Dans la tradition Mahoraise, chaque garçon, à l'âge de l'adolescence, devait se séparer de sa famille et habiter une case de terre qu'il construisait lui-même : le banga. Ce serait la seule fois dans sa vie où il habiterait seul, car une fois marié, il allait s'installer dans la maison de son épouse. La fabrication du banga était un moment important de la vie de l'adolescent, la famille entière devant y être associée. Une fois que le banga était terminé, l'adolescent allaita le décorer et l'équiper, selon son goût, son imagination, sa personnalité, ses désirs, avec en arrière-plan, sa volonté de séduire une jeune fille.
Le reportage est ponctué des commentaires de Jean-Claude Pichard, co-auteur du livre Bangas, qui éclaire cette tradition plus qu'étonnante. Il racontait que cette séparation pouvait intervenir très jeune, quelquefois dès l'âge de 8 ans, « c'est un petit peu fonction de la composition de la famille et du nombre d'enfants à abriter dans la case familiale ». Jean-Claude Pichard insistait ensuite sur un point capital de la culture mahoraise essentiellement matriarcale, à savoir que la femme était le centre de la famille, « c'est elle qui possède la maison et l'homme, lui, il gravite autour. Finalement, le banga, c'est la seule maison qu'il aura à lui dans sa vie. Parce que dès qu'il se marie, il entre dans une autre maison, qui est la maison de sa femme ».

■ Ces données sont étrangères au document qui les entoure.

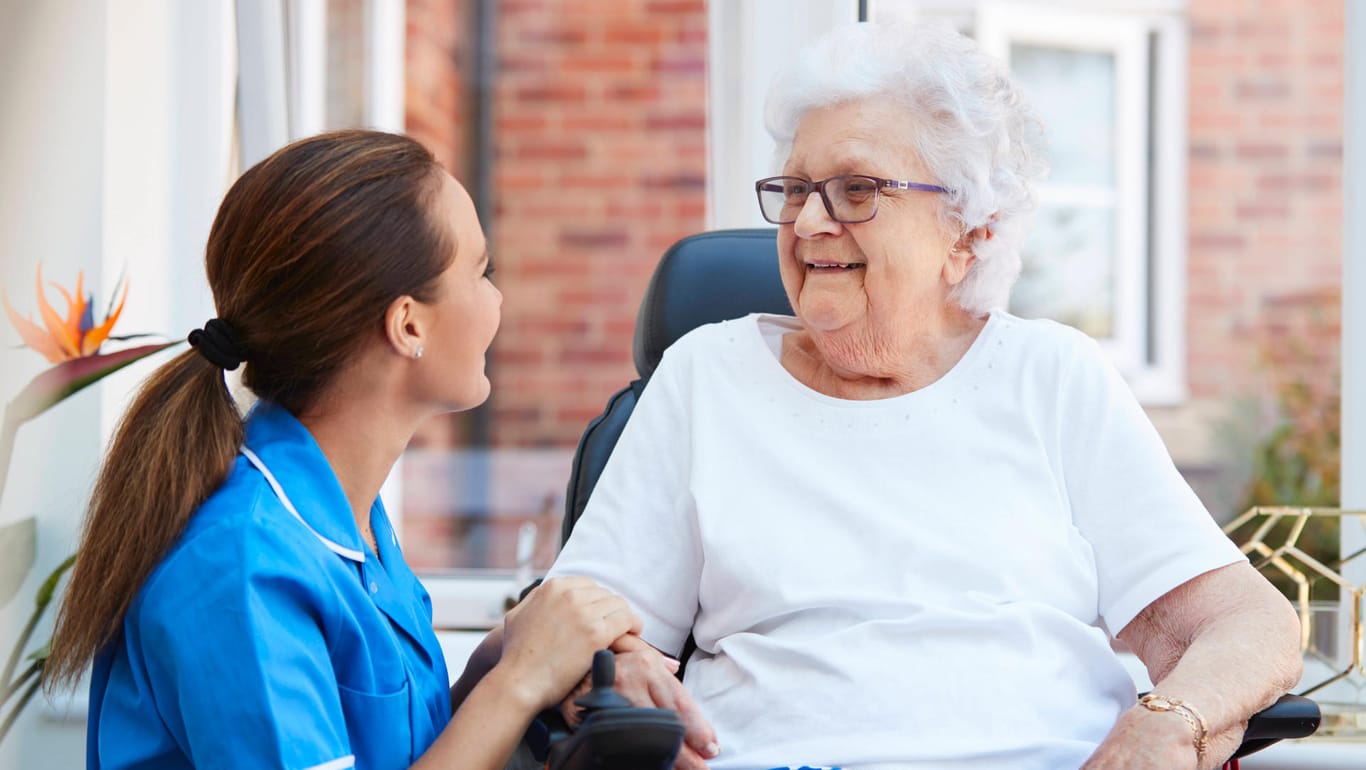 Altenpflegerin und Seniorin (Archivbild): Menschen, die in der Altenpflege arbeiten, sollen besser bezahlt werden.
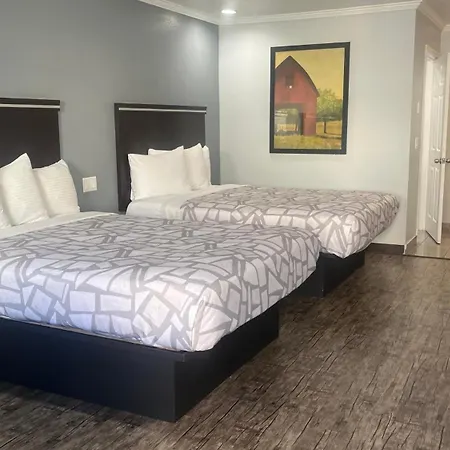Laguna Inn And Suites-2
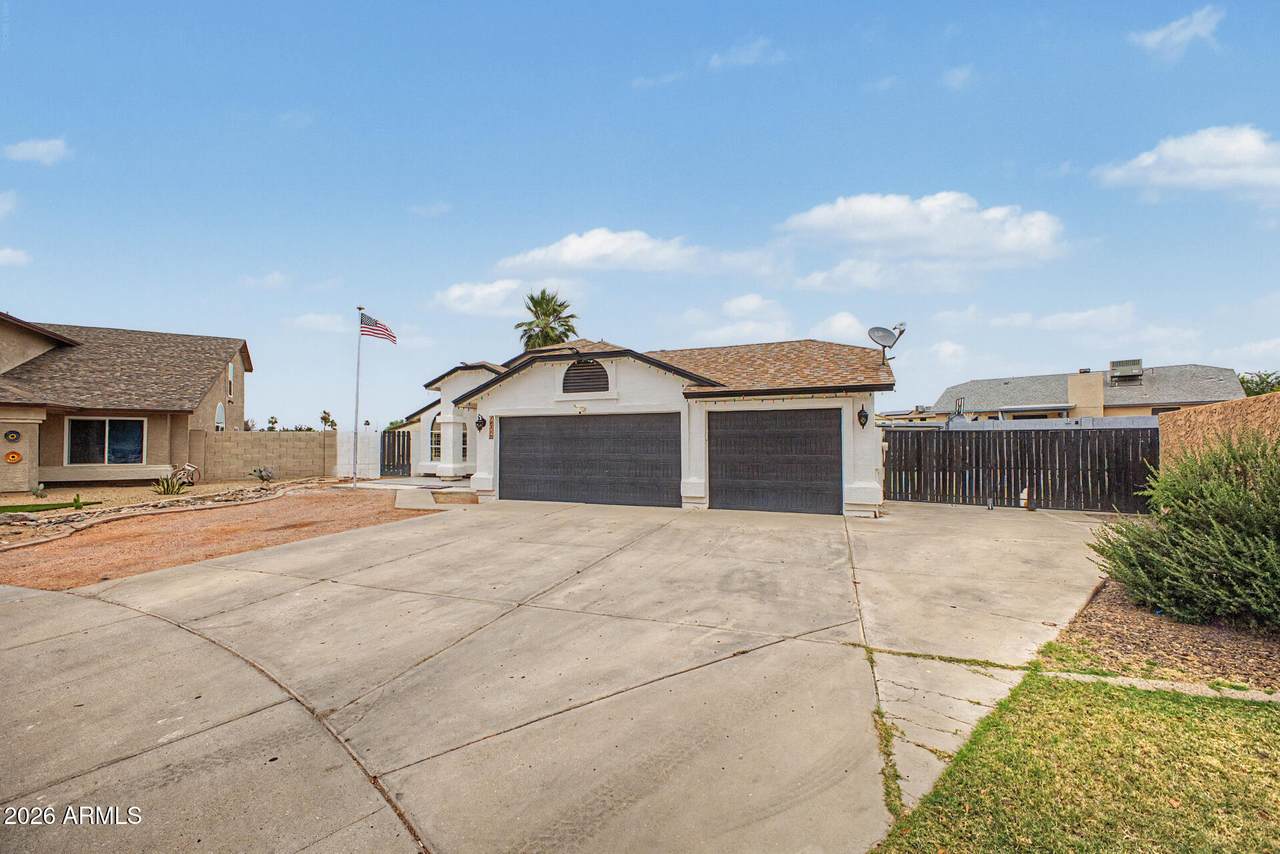 10359 78TH Avenue - Photo 1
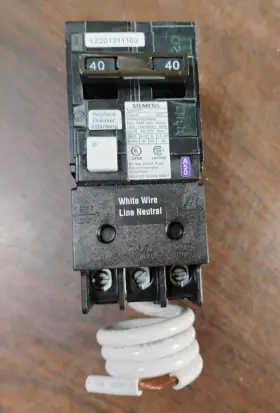 Qf240a Siemens Gfci Circuit Breaker 40 Amp 120/240 Vac 2-pole New In Box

Un rite de construction initiatique
Ce qu'on appelle banga, à Mayotte, c'est une petite case qui n'a qu'une seule pièce, « une maison en terre traditionnelle extrêmement précaire, mais qui nécessite beaucoup de soins, d'entretien et de réparations et qui dure peu de temps », ajoutait-il. Les images montraient aussi la construction de bangas, réalisés en famille. « Une véritable aventure » rendue possible grâce à la « Moussada », le nom que l'on donnait à l'entraide villageoise. Elle donnait une reconnaissance officielle du statut social de l'adolescent. Cette communauté aidait le jeune à fabriquer les murs composés de terre et de paille de riz. Ce travail devant s'effectuer sur une journée.
Le reste du reportage partageait le quotidien d'Abdallah et d'autres jeunes gens dans leurs maisons parfois joliment colorées et recouvertes d'images. Il s'agissait d'une innovation, car la tradition musulmane, jusqu'aux années 1970, n'acceptait pas de représentations de corps, précisait Jean-Claude Pichard. « Le ganga devient un lieu très permissif » destiné à attirer le regard des jeunes filles, expliquait-il encore, commentant les dessins et slogans peints sur les façades.

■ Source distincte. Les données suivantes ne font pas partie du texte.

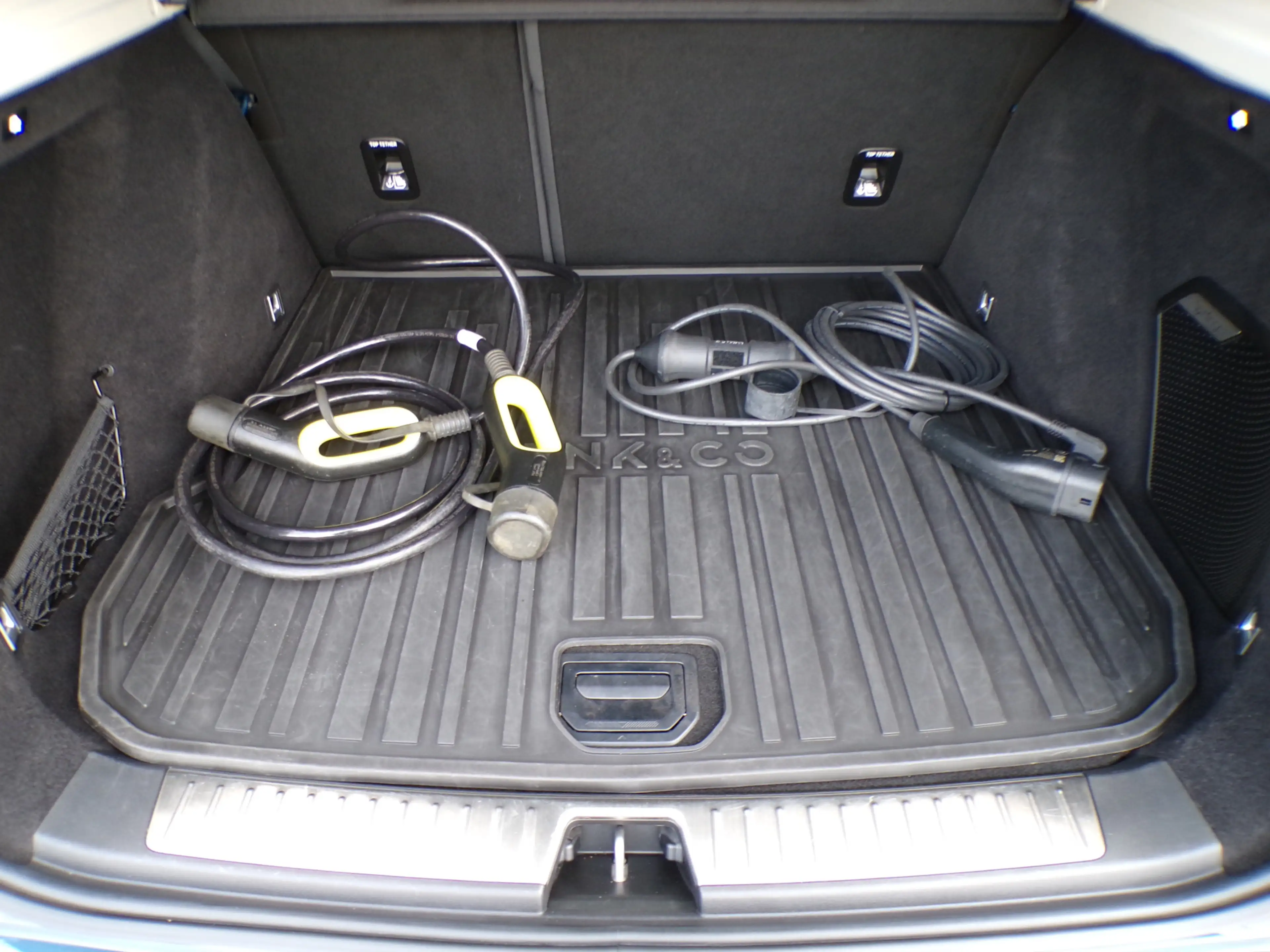 Lynk & Co 01 1.5, Black Style / Full LED / Elektr. Schuifdak / — photo 23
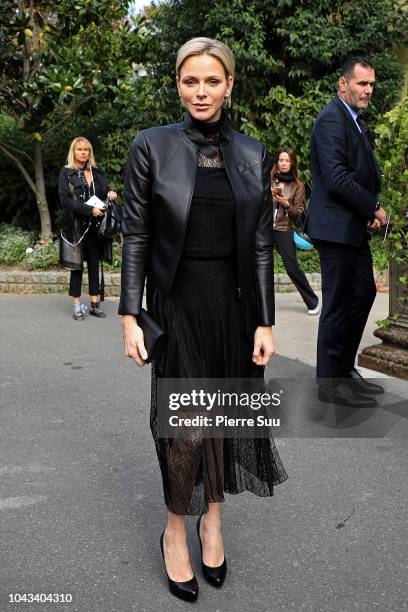 Princess Charlene of Monaco arrives at the Akris show as part of the Paris Fashion Week Womenswear Spring/Summer 2019 on September 30, 2018 in Paris,...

En conclusion du reportage, l'auteur affirmait que les bangas ne disparaîtraient pas de la culture, mais évolueraient, notamment à travers les matériaux utilisés. Il constatait déjà l'usage du ciment et de la tôle : « ça restera quand même un signe d'une originalité mahoraise. Et peut être que ça deviendra un peu un folklore. Mais après tout, toutes les cultures traditionnelles connaissent cette phase dans l'évolution », concluait-il, loin de s'imaginer que 33 ans plus tard, les bangas de Mayotte symboliseraient la misère et se retrouveraient au centre d'une polémique politico-économique.